- _Activity_: Apart from the pictures, every line below is to be set down exactly.

- _Stored data_:
------
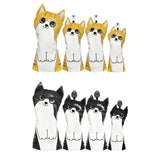 Maxbell 4Pcs Cat Golf Wood Head Cover Golf Club Headcover PU Leather Waterproof Yellow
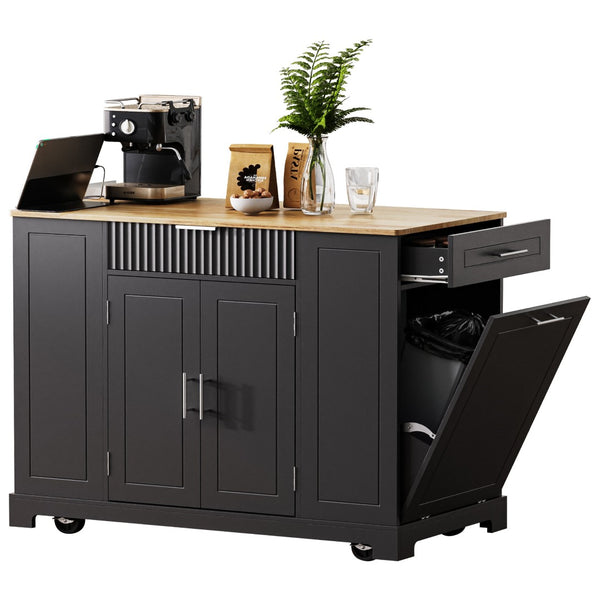 English Elm K&k Rolling Kitchen Island Rubber Wood Top Fluted Cabinet Built-in Charging Station Black N707S221571B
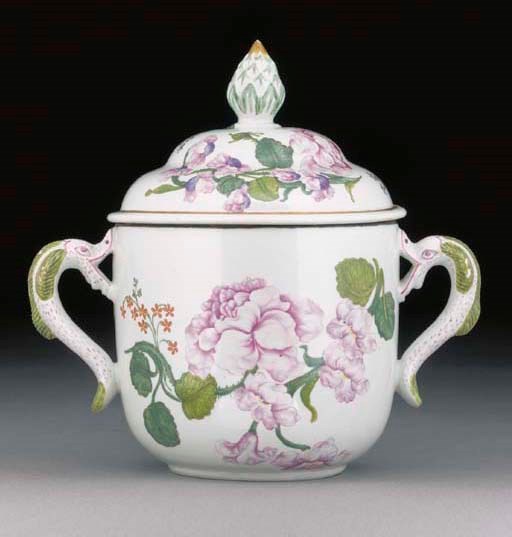 A Vienna (du Paquier) two-handled Ollio-pot and cover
------
- _Written response_:
 Maxbell 4Pcs Cat Golf Wood Head Cover Golf Club Headcover PU Leather Waterproof Yellow
 English Elm K&k Rolling Kitchen Island Rubber Wood Top Fluted Cabinet Built-in Charging Station Black N707S221571B
 A Vienna (du Paquier) two-handled Ollio-pot and cover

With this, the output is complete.